Where a picture appears, skip it; print everything else in the records exactly as it stands.
(Beginning of Records to process)
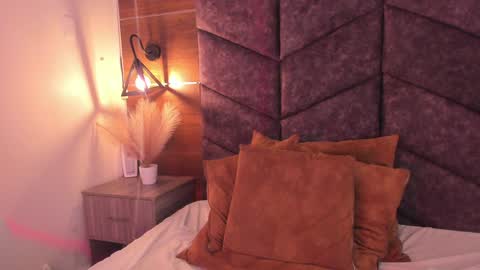  Memphis Williams  online show from February 8, 9:24 am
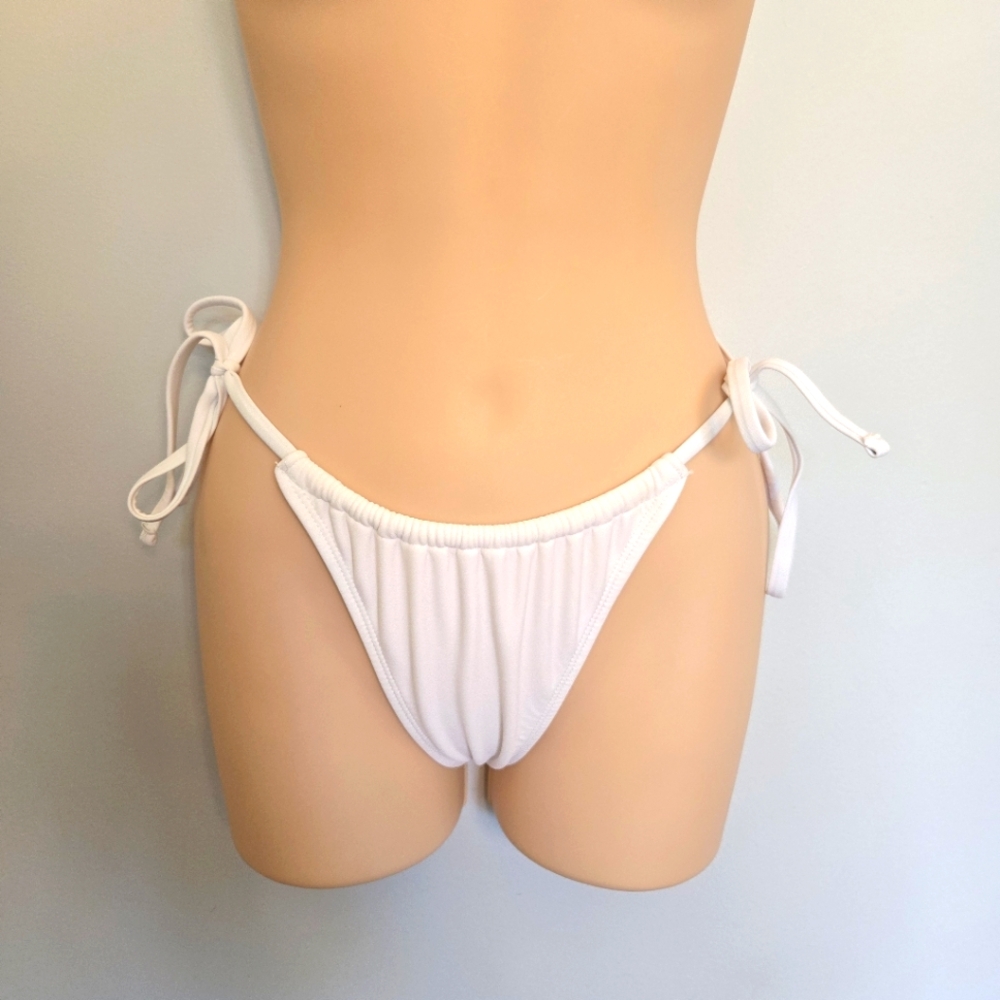 NWOT WILD FABLE bikini bottom white cheeky fully adjustable tie sides Sz SMALL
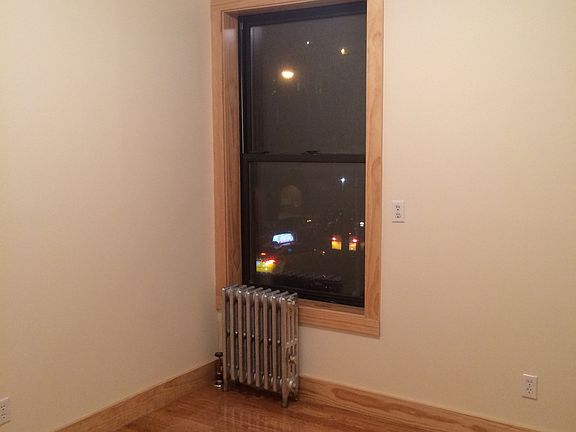 4th image of 2335 29th Ave APT 5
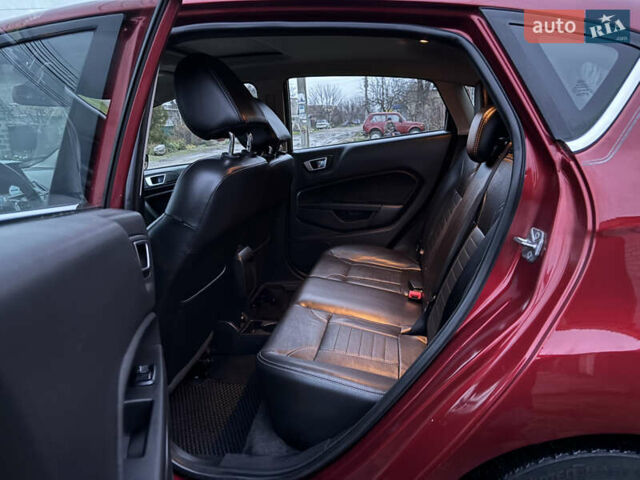 Червоний Форд Фієста, об'ємом двигуна 1.6 л та пробігом 104 тис. км за 7500 $, фото 25 на Automoto.ua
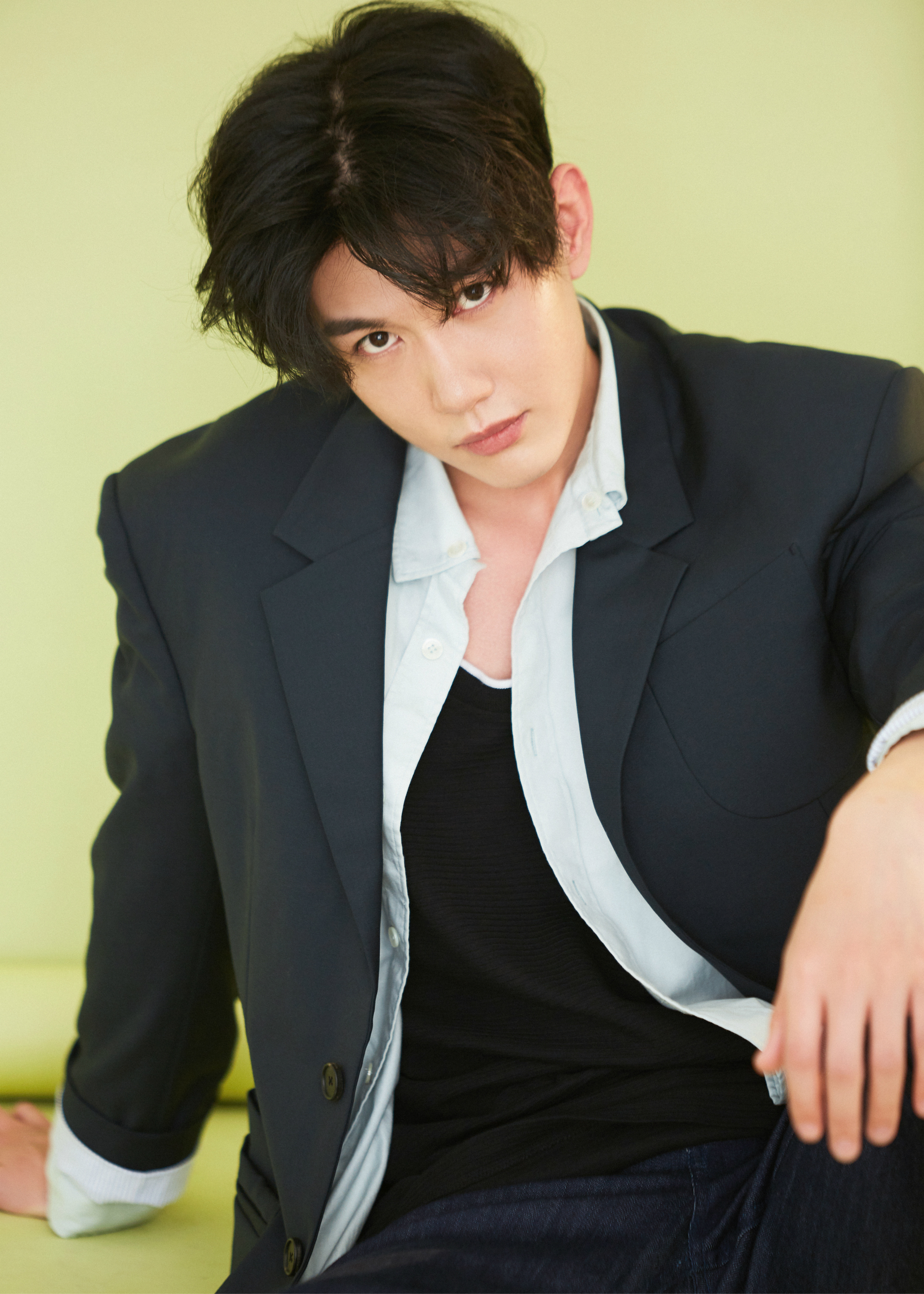 李昕哲时尚大片清新十足 慵懒气息惹人心动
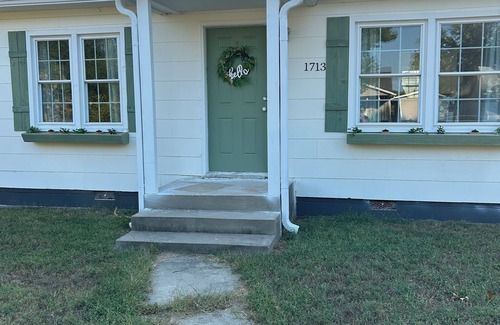 Joplin House | Charming 2-bedroom house with WiFi and AC in marvelous Joplin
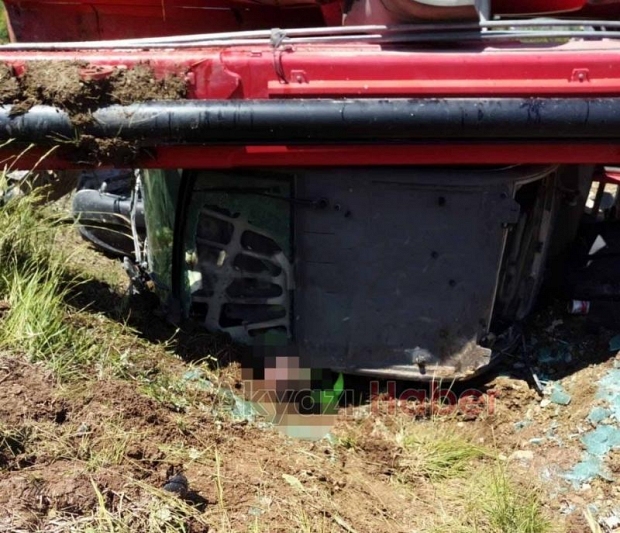 Devrilen iş makinesinin altında can verdi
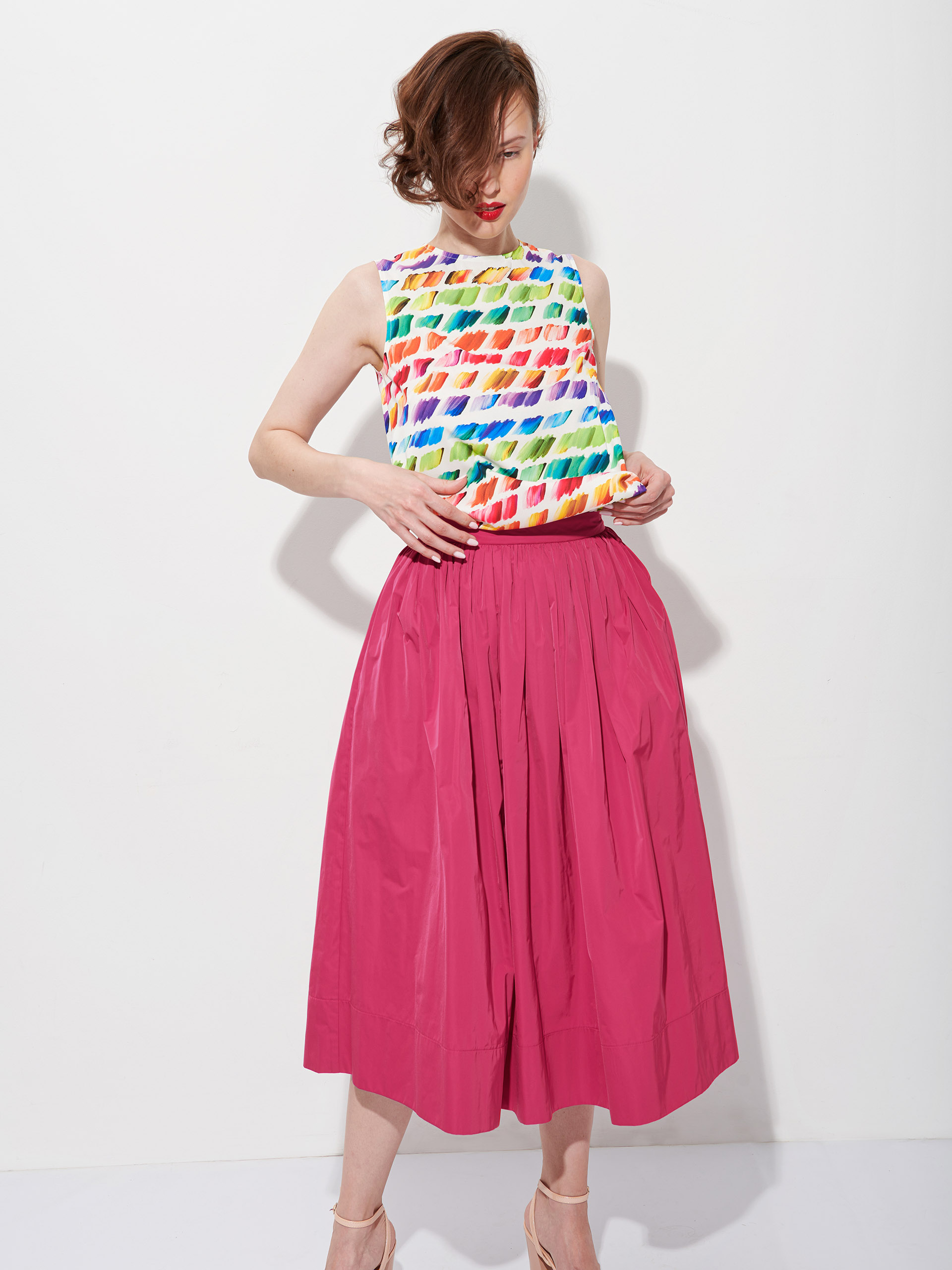 magenta gathered flowy taffeta skirt front • Sassa Björg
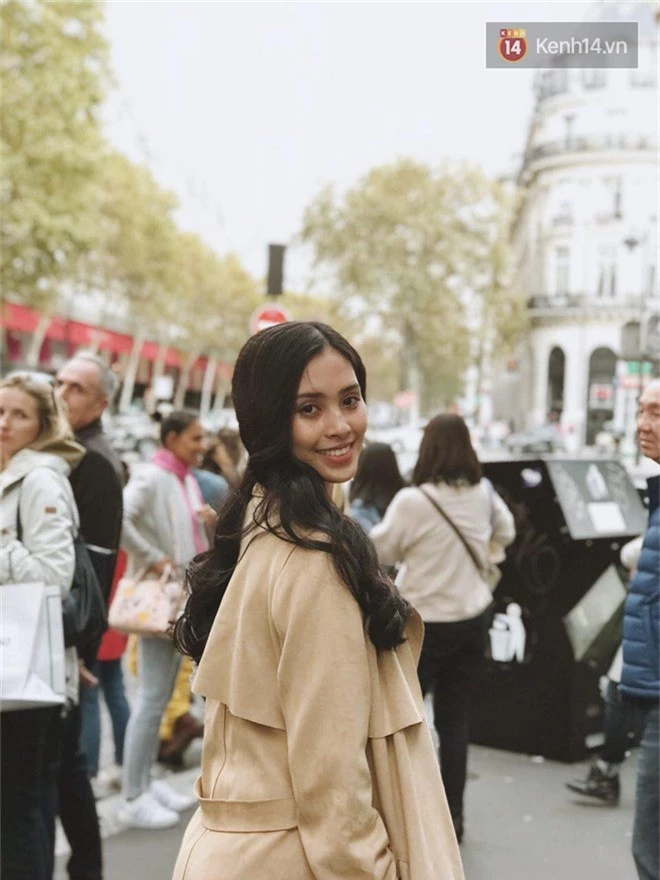 Hoa hậu Tiểu Vy mặt mộc dạo phố Paris, khoe vẻ đẹp đầy sức sống của tuổi 18 - Ảnh 7.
(End of Records to process)
Reply –
  Memphis Williams  online show from February 8, 9:24 am
 NWOT WILD FABLE bikini bottom white cheeky fully adjustable tie sides Sz SMALL
 4th image of 2335 29th Ave APT 5
 Червоний Форд Фієста, об'ємом двигуна 1.6 л та пробігом 104 тис. км за 7500 $, фото 25 на Automoto.ua
 李昕哲时尚大片清新十足 慵懒气息惹人心动
 Joplin House | Charming 2-bedroom house with WiFi and AC in marvelous Joplin
 Devrilen iş makinesinin altında can verdi
 magenta gathered flowy taffeta skirt front • Sassa Björg
 Hoa hậu Tiểu Vy mặt mộc dạo phố Paris, khoe vẻ đẹp đầy sức sống của tuổi 18 - Ảnh 7.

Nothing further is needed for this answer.